Enquanto isso, em Cannes… O elenco chique de Wes Anderson, a lição de Rachida Dati e um filme “bode expiatório”

O diretor Wes Anderson (centro) cercado pelo elenco de "The Phoenician Scheme": (da esquerda para a direita), Benedict Cumberbatch, Jeffrey Wright, Mia Threapleton, Benicio Del Toro, Rupert Friend e Michael Cera VALERY HACHE / AFP
RECAPITULAÇÃO DE CANNES, DIA SEIS. Estrelas de Hollywood desfilam no tapete vermelho para mais uma aparição do diretor de "A Vida Marinha" em Cannes. Mas você não precisa necessariamente ficar deslumbrado pelo brilho.

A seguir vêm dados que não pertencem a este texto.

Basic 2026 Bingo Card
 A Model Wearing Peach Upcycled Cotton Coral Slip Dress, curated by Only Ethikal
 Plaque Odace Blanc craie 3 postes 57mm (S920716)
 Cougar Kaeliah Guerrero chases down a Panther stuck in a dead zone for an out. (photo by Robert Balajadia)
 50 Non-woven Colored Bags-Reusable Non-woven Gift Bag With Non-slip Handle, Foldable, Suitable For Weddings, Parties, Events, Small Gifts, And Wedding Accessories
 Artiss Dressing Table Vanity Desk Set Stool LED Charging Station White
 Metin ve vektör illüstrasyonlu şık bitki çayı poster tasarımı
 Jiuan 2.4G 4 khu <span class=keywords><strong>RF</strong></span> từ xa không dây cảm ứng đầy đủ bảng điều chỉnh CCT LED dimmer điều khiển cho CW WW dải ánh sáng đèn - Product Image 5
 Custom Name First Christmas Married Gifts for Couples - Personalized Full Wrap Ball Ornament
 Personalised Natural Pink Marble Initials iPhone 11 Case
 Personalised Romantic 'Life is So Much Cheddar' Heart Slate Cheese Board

O mais chique dos tapetes vermelhos de Cannes depois dos já brilhantes "Missão Impossível - O Julgamento Final" (Tom Cruise em majestade) ou "Eddington", o neowestern alucinante de Ari Aster (Joaquin Phoenix, Emma Stone, Pedro Pascal)? Sem dúvida, a de "The Phoenician Scheme", o décimo terceiro filme do cineasta Wes Anderson, filho de um arqueólogo e de uma publicitária, com uma estética precisa e uma obsessão maníaca pelos detalhes, rodado nos lendários estúdios Babelsberg. O programa apresenta as tribulações de Zsa Zsa Korda, um magnata das armas com o hábito de cometer acidentes aéreos em busca de uma herdeira (a família continua sendo o nó górdio da filmografia do cineasta). O elenco inclui ninguém menos que Benicio del Toro, Mia Threapleton (filha de Kate Winslet, um clone de Anna Karina em "A Freira", de Jacques Rivette), Scarlett Johansson (dispensada porque está se guardando para a apresentação de seu próprio filme na terça-feira), Tom Hanks, Michael Cera, Benedict Cumberbacht e assim por diante... Nas laterais do tapete vermelho, a armada de fotógrafos não tinha mais voz. Pouco antes, a equipe do brasileiro Kleber Mendonça Filho (Prêmio do Júri em 2019 com "Bacurau"), já havia escalado o Everest até a sala Lumière, para "O Agente Secreto", único filme sul-americano na competição sobre o período da ditadura militar, entre percussionistas e músicos. Cannes, 78º ou mais decibéis de vida.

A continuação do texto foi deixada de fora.